When you more fully understand how your mate ticks, you build a context of that person. This understanding allows you to use that context during those times when you feel hurt, misjudged, or unheard (which is inevitable in relationships). When you understand how your mate thinks and feels in various experiences you can apply this context to other situations and more accurately interpret what your mate really means. This can help prevent those misunderstood feelings or “disconnections” from occurring.
For example, as a newlywed, I often felt my husband would ignore me. One time I was in the kitchen, just around the corner from his home office. I asked him a question but received no response. I let the first few times pass, but by the fourth time I felt hurt and annoyed at being ignored. When I finally approached him in his office and asked him why he was ignoring me, he had a very surprised and startled look on his face. This was because he truly had not heard me! I know this, not just because he told me in that moment, but also he told me in the past about his uncanny ability to completely shut other things out when he needed to concentrate. He learned this skill in grad school which became a survival mechanism for him. I had also learned over time that he doesn’t lie. When I put these two pieces of information together, it formed a context of how he operates. That context told me to believe him when he said he truly had not heard me.

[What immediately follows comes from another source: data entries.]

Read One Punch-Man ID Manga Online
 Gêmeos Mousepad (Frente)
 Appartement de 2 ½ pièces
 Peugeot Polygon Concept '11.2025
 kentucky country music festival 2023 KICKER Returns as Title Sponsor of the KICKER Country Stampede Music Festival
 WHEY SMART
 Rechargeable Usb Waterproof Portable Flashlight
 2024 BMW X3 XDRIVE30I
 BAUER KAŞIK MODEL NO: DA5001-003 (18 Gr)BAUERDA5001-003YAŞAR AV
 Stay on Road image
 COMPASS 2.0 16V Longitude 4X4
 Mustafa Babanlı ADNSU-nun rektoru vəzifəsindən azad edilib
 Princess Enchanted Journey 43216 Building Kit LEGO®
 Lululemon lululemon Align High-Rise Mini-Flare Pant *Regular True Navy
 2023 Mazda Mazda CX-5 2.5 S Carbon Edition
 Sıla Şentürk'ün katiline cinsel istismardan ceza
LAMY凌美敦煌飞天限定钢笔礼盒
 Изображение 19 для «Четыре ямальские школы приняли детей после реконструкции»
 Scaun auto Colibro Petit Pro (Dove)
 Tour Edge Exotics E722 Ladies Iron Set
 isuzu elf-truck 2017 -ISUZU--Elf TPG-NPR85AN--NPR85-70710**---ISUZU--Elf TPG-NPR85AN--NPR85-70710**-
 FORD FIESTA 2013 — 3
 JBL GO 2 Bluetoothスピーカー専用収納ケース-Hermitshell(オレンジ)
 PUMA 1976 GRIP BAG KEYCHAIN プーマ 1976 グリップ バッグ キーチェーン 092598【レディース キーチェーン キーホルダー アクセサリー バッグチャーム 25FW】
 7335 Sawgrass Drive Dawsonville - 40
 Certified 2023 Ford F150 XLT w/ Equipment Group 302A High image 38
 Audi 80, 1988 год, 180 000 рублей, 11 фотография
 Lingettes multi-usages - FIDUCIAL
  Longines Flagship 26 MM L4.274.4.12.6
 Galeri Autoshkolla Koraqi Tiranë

I find that couples in therapy misunderstand their partner’s allegedly hurtful intentions about 85% of the time. The “disconnect” usually results from misunderstanding the context of what their mate said. Most often they don’t recognize this misunderstanding when it occurs, and presume that their mate deliberately wants to push them away or emotionally hurt them.
That is why it is so important to build a context of how your mate thinks, feels, interprets and generally operates. And for you to help your mate build a context of you. How do we build this so called context? By talking, asking questions, expressing how you feel about things, especially as they occur in the moment. You need to learn how you protect yourself from hurt or shame, and how your mate does this as well. Why do you each feel the way you do in various situations? Are there any themes that come up in how things are misinterpreted? These themes play out again and again until they are resolved. And there is no way to resolve them without talking them out with each other.
In providing couples therapy, I most always find that beneath the harsh words is always some hurt and fear – of abandonment, or feeling “less than” others, or some other feeling or fear carried deep inside. Talking about this allows each person to feel safer in sharing their feelings in a way their mate can better hear and understand.
So the next time you feel emotionally attacked by your mate, ask him/her how they are feeling in that moment, and why they feel that way. Try to stay away from right or wrong, good or bad, and better or worse than. We already know that these accusations never work effectively in conversations. Also try to share how you feel without blaming your mate. How we feel is how we feel. When we stay away from blaming it is easier for the other person to hear us.
Another important piece in having productive conversations that build a context of each other: Just because someone continues to assume an attack when you are not actually attacking them, doesn’t mean they didn’t really hear you. Try to avoid arguing your position. Say what you feel and let it rest. The other person cannot “unhear” what was said. They may act as if they did not understand or accept what you said, but they cannot “unhear” what you said. Often people need time to digest the information without feeling they need to defend themselves. So they will continue to hear the conversation after it has ended, and you are no longer present. This works in reverse as well.
Main Points to Remember:
- When you build a context of how each of you operates, you will better understand each other, which leads to feeling more compassion for one another. We are not perfect!
- Focus on trying to hear the feelings behind the words: does the person feel fear or shame for example?
- How we feel is how we feel. Regardless of what the other person says, we stand in our own truth when it comes to feelings.
- Try to explain why you feel the way you do without blaming the other. You want to “keep the door open” so the other person continues to try to fully hear you.
- Use “I” statements such as: “I feel hurt when you don’t call me back.” “I feel that you don’t care about me.” Over time the other person will hopefully hear the hurt rather than feel blamed.
- Remember, just because the other person became defensive doesn’t mean he/she didn’t really hear what you were saying. We can’t unhear what we hear!